The next near-space shot orchestrated by kids at a Kelowna middle school should reach beyond the 94,000-foot plateau obtained by a recently-launched balloon-and-camera contraption.
"Mini cameras are getting lighter all the time, so there's certainly the potential for our next launch to go higher," Bruce Watts, a teacher at Dr. Knox Middle School, said Sunday.
Watts is one of the teachers behind a school space-related project that's getting a lot of attention on YouTube and other social media.
As part of their video production class, Grade 9 students attached three video cameras, a GPS tracking
device, and mascots representing Dr. Knox and Bankhead elementary to platform that was then carried aloft by several balloons.
On its ascent last October, the aptly-named Knox Bankhead Space Balloon took beautiful images of Kelowna, the Okanagan, and the B.C. Interior. Eventually, the curve of the earth and the edge of space is visible before the balloon bursts and the whole thing comes tumbling down.
Pushed by winds of more than 100 km/h, it landed in the forests near Winthrop, Wash. Watts and a fellow teacher, Kevin Robinson, drove as near as they could to the landing site using the GPS tracker. They then hiked and camped for three days to retrieve the space balloon and its cameras.

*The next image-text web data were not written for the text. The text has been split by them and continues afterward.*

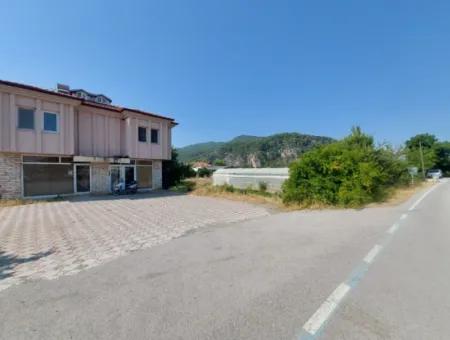 Ortaca Dalyan Yolu Üzeri 220 M² Kiralık Dükkan – İşlek Lokasyon, Çok Amaçlı Kullanım!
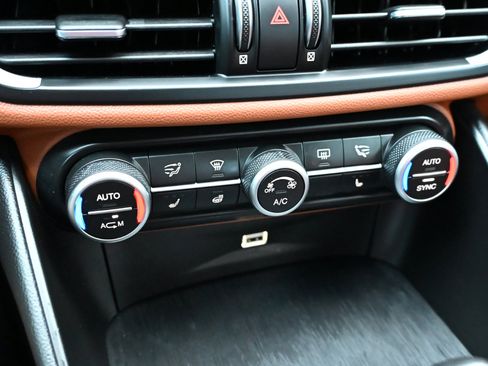 Used 2019 Alfa Romeo Giulia AWD w/ Cold Weather Package image 16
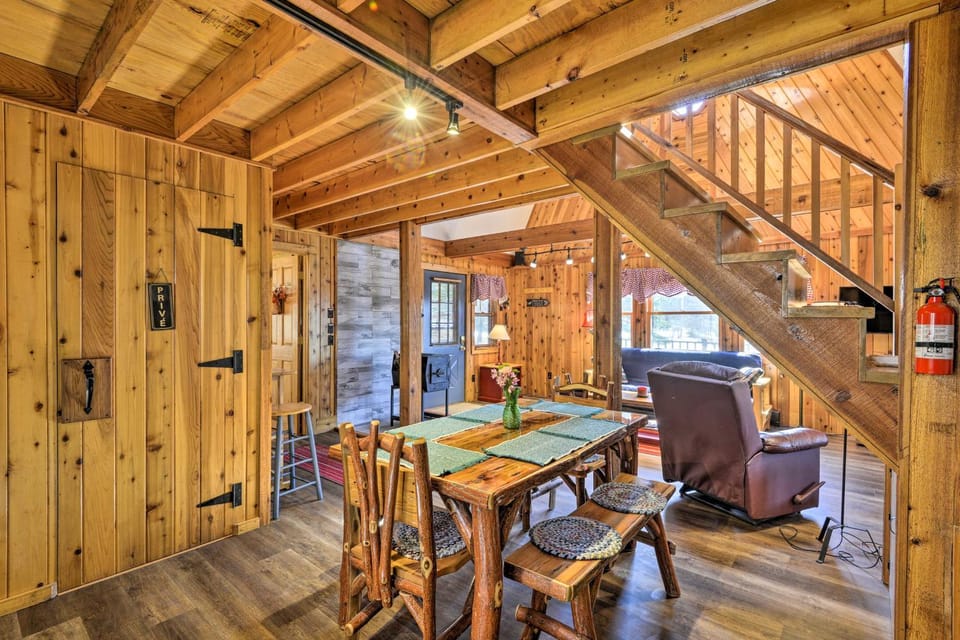 Springwater Cabin Near Hiking, Lakes, & Vineyards Cabin in Canadice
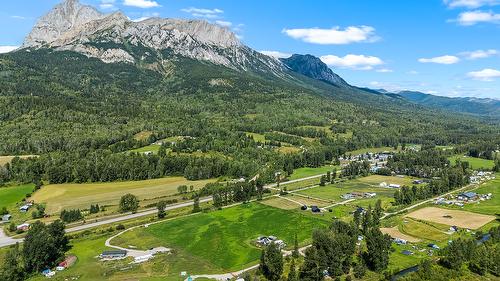 7015 Stubbs Road, Hosmer, BC 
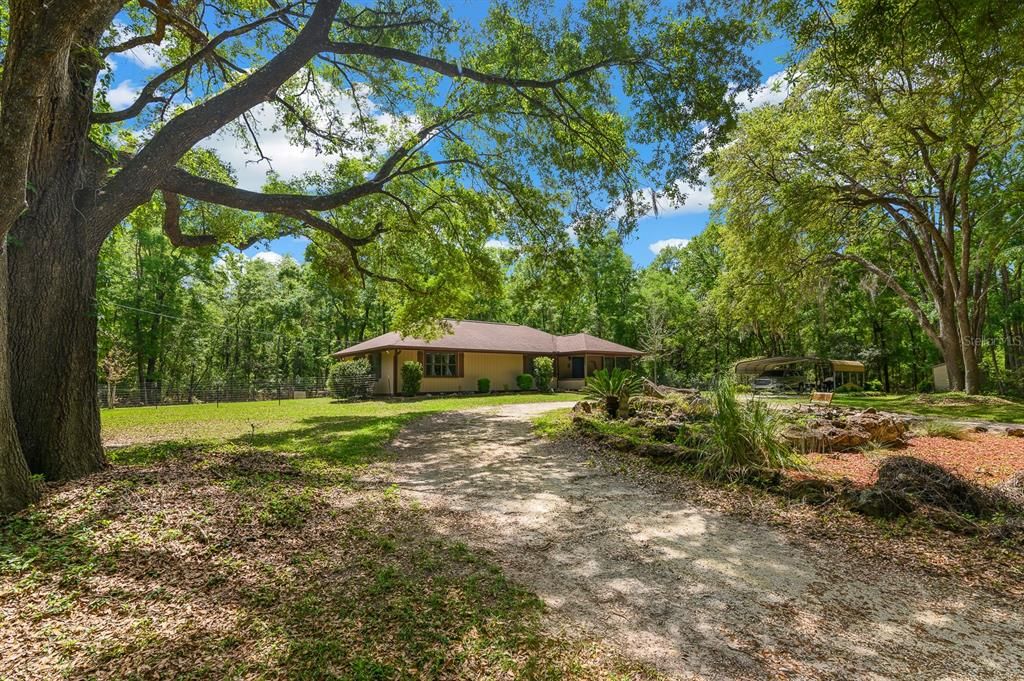 For Sale: $964,900 (6 beds, 3 baths, 3590 Square Feet)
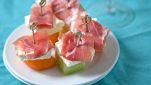 Tartine al melone e prosciutto crudo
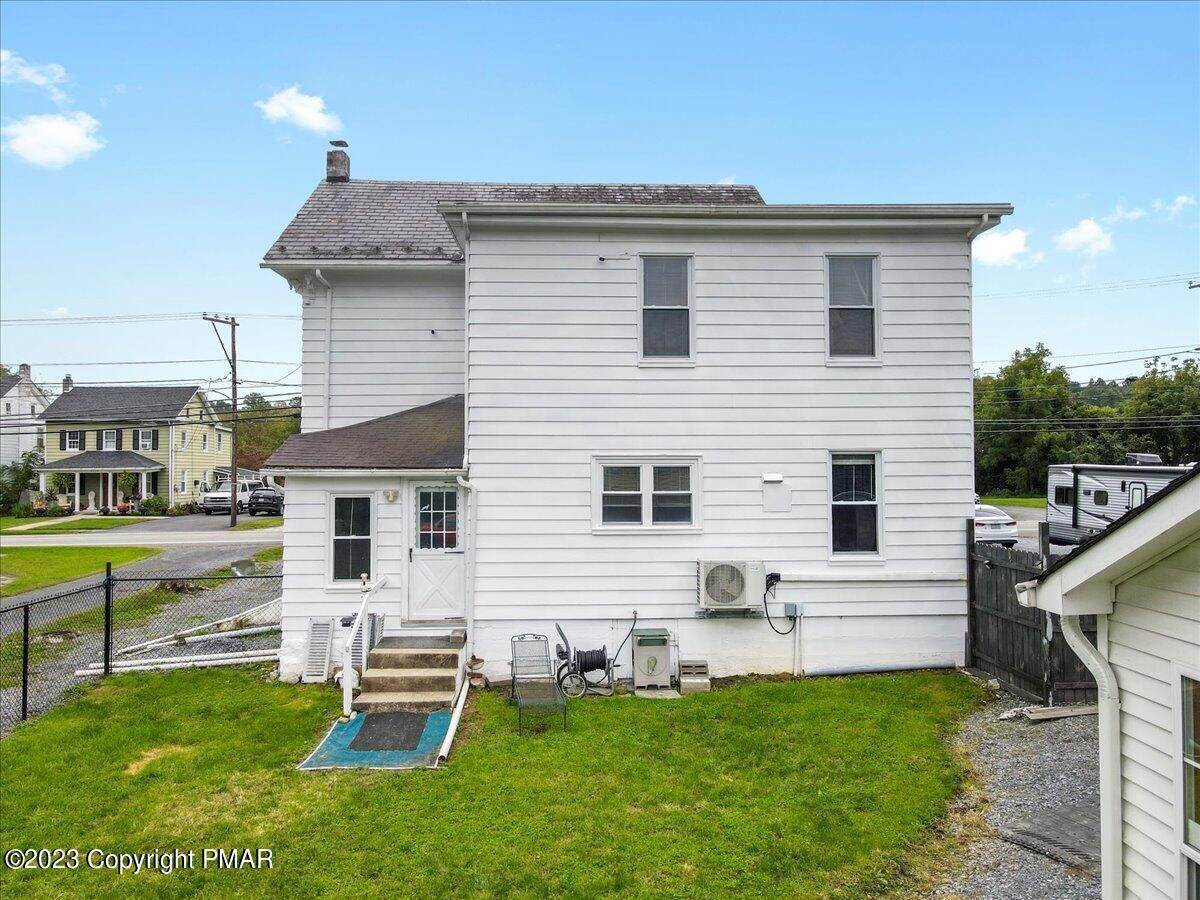 35. Single Family Homes for Sale at 2916 N Delaware Drive Mount Bethel, Pennsylvania 18343 United States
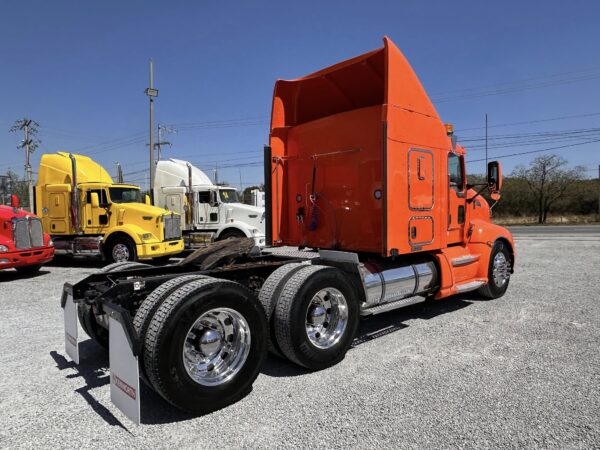 Kenworth T660 Aerocab. Año 2016 - Image 9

With the images collected from the cameras, the students worked in groups of four to create their own three-to-five minute videos of the space balloon's rise and fall.
The participating kids may have learned some science-related facts, to do with such things as atmospheric conditions and geography, but the project was mainly an exercise in video production, editing, and the use of social media.
The videos were just recently uploaded to YouTube. A similar project involving a space balloon will likely be undertaken again next fall.